TASK INSTRUCTIONS: Please transcribe exactly the line that holds "Welcome back. In" and all lines that follow it to the end of the records below, omitting any pictures.
═════ RECORDS FOR THE TASK ═════
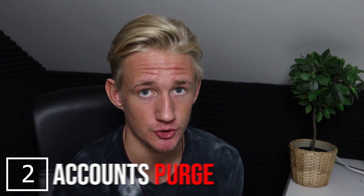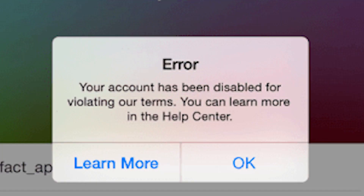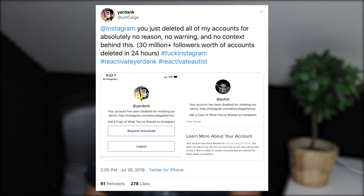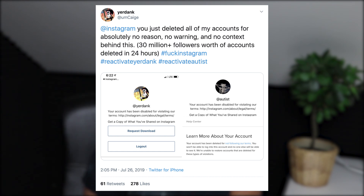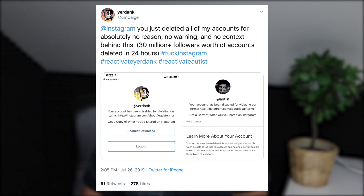The second update: Instagram is going on a purge. Yeah, Instagram is purging a lot of accounts, especially in the meme niche. If you check out this screenshot, it's basically 'You're Dank Claiming,' who made a Twitter post saying Instagram deleted all of his accounts for absolutely no reason, no warning, and no context — 30 million plus followers worth of accounts deleted in 24 hours.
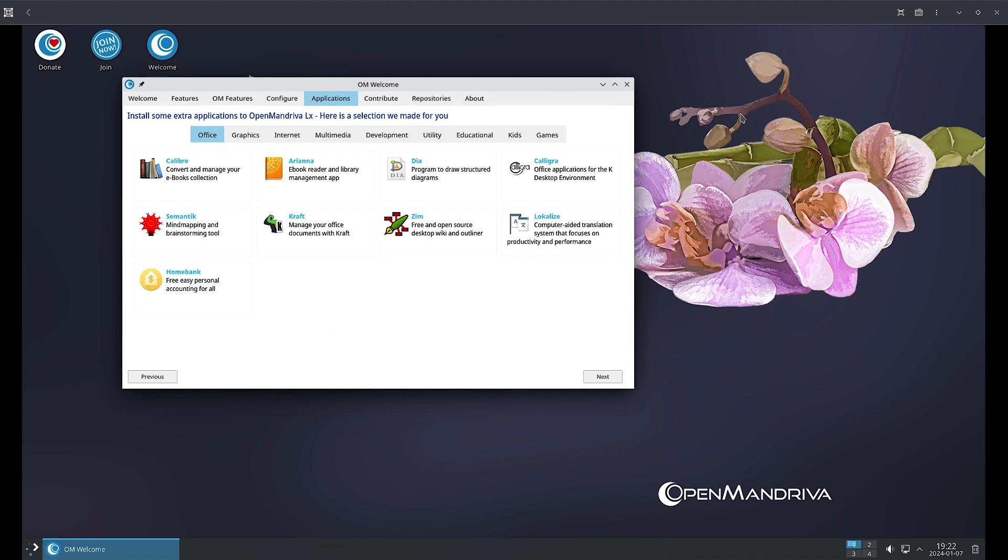Welcome back. In this video we are going to check out the Applications, Contribute, Repositories, and About sections of the OpenMandriva Welcome app. So let us start.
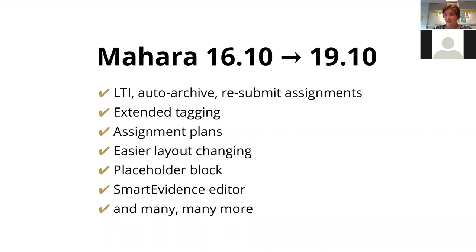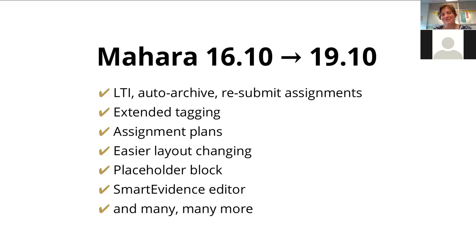You might already be familiar with Smart Evidence. For 19.04, we created a Smart Evidence editor which makes it possible to now create those competency frameworks — like those we saw earlier for the registered nurses — directly in Mahara without needing a lot of technical understanding. But these are all just a very small sample of the new features that have been developed since 16.10, since that version was released in October 2016.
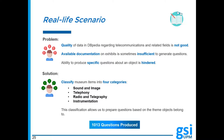As a possible solution, we decided to classify museum items into four categories: sound and image, telephony, radio and telegraphy, and instrumentation. This classification allows us to prepare questions based on the theme objects belong to, and a total of 1,013 questions have been initially produced.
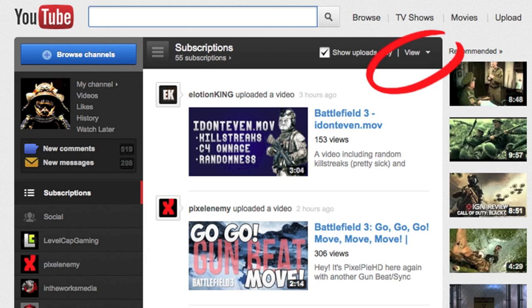They go to YouTube, click on what they see, and miss some videos. It seems like sometimes they'll miss videos from one person and then the next day they'll be fine again — that kind of thing.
═════
EXERCISE SOLUTION:
Welcome back. In this video we are going to check out the Applications, Contribute, Repositories, and About sections of the OpenMandriva Welcome app. So let us start.
You might already be familiar with Smart Evidence. For 19.04, we created a Smart Evidence editor which makes it possible to now create those competency frameworks — like those we saw earlier for the registered nurses — directly in Mahara without needing a lot of technical understanding. But these are all just a very small sample of the new features that have been developed since 16.10, since that version was released in October 2016.
As a possible solution, we decided to classify museum items into four categories: sound and image, telephony, radio and telegraphy, and instrumentation. This classification allows us to prepare questions based on the theme objects belong to, and a total of 1,013 questions have been initially produced.
They go to YouTube, click on what they see, and miss some videos. It seems like sometimes they'll miss videos from one person and then the next day they'll be fine again — that kind of thing.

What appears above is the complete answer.